> ACTIVITY
Omit every picture. Return all other data as it stands.

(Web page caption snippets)

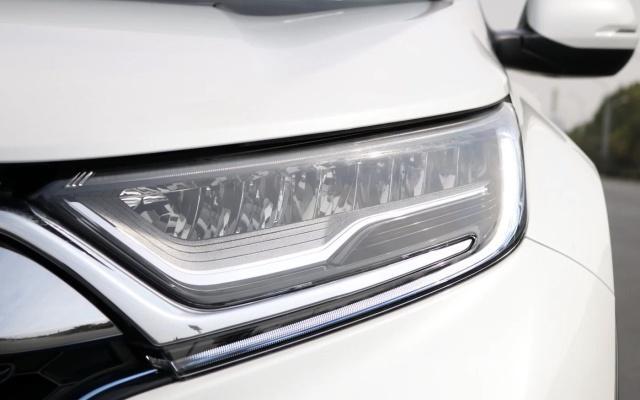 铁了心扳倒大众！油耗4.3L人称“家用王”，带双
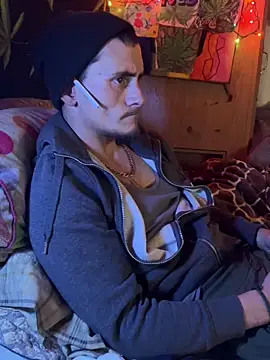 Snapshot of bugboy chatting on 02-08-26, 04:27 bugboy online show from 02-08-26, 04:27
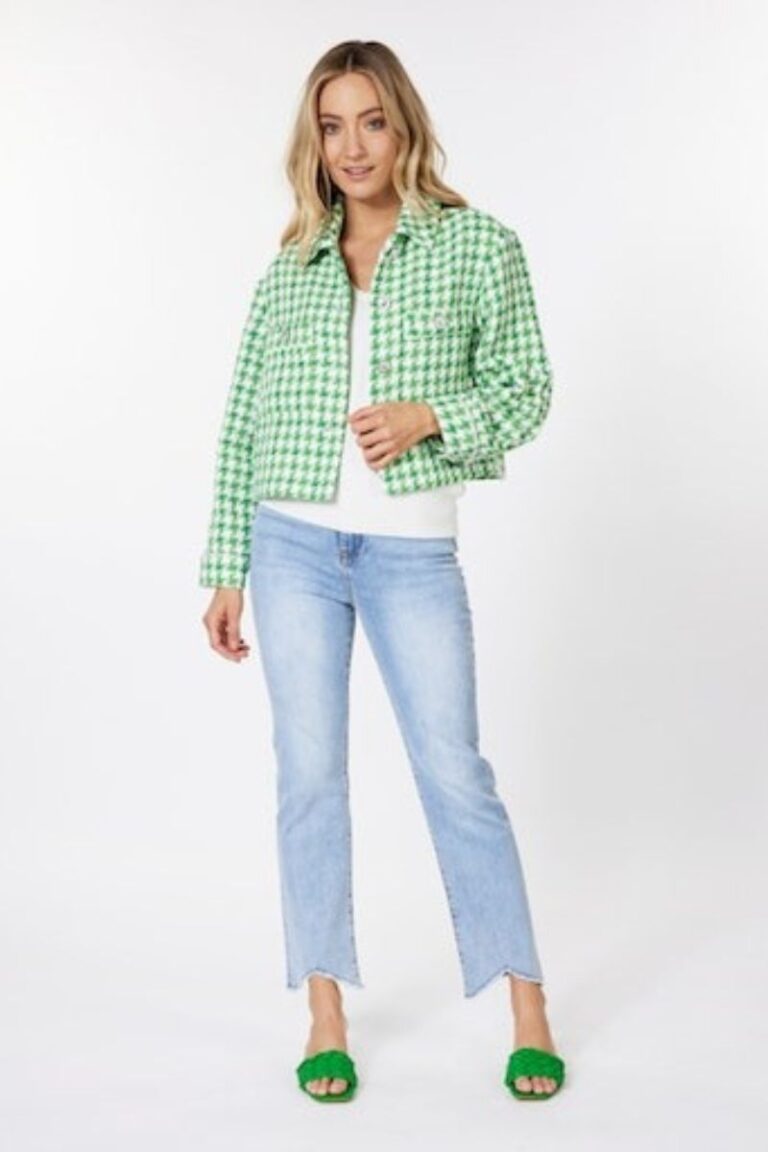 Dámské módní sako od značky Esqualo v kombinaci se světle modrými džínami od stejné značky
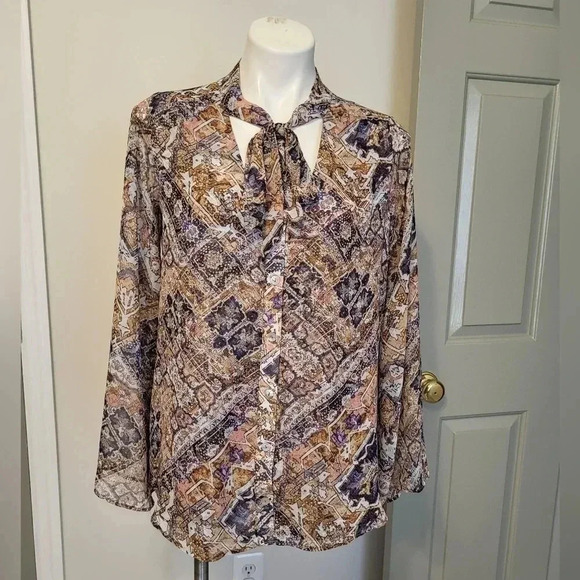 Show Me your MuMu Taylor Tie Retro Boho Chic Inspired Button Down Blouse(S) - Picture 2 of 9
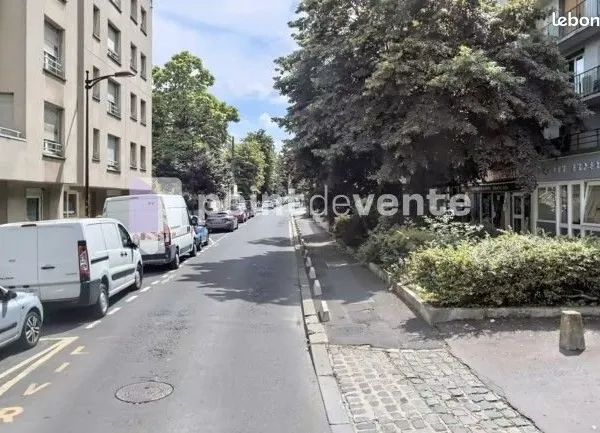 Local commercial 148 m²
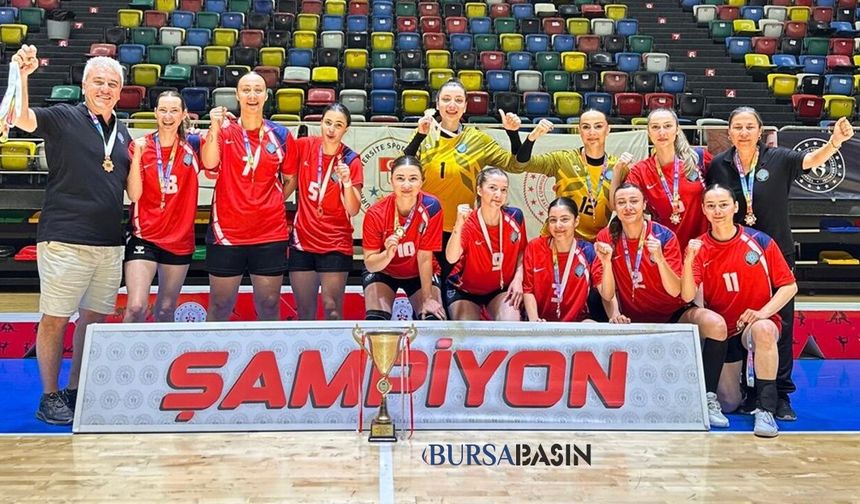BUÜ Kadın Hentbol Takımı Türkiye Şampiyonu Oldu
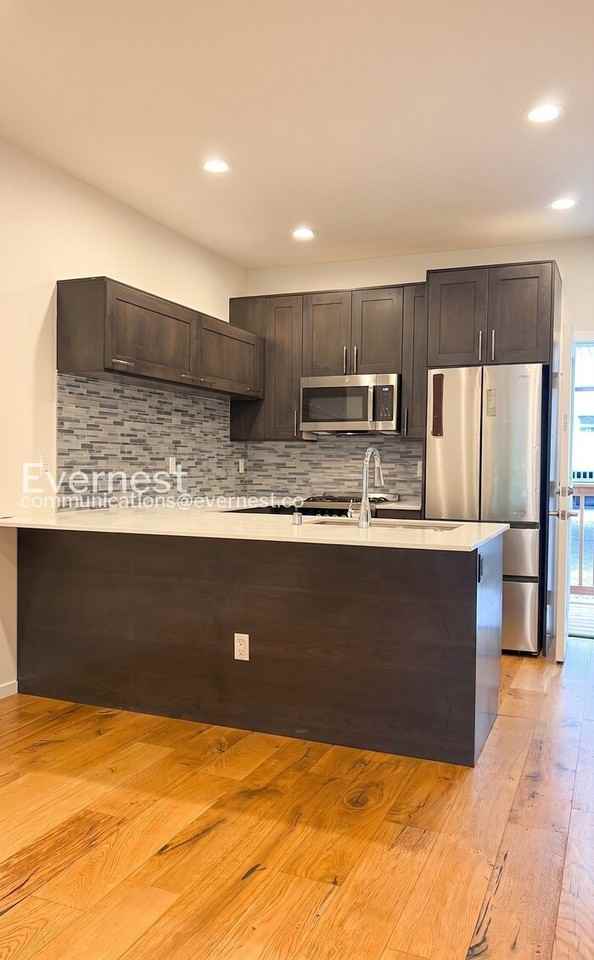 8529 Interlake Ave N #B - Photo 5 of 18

> FINISHED TASK
 铁了心扳倒大众！油耗4.3L人称“家用王”，带双
 Snapshot of bugboy chatting on 02-08-26, 04:27 bugboy online show from 02-08-26, 04:27
 Dámské módní sako od značky Esqualo v kombinaci se světle modrými džínami od stejné značky
 Show Me your MuMu Taylor Tie Retro Boho Chic Inspired Button Down Blouse(S) - Picture 2 of 9
 Local commercial 148 m²
BUÜ Kadın Hentbol Takımı Türkiye Şampiyonu Oldu
 8529 Interlake Ave N #B - Photo 5 of 18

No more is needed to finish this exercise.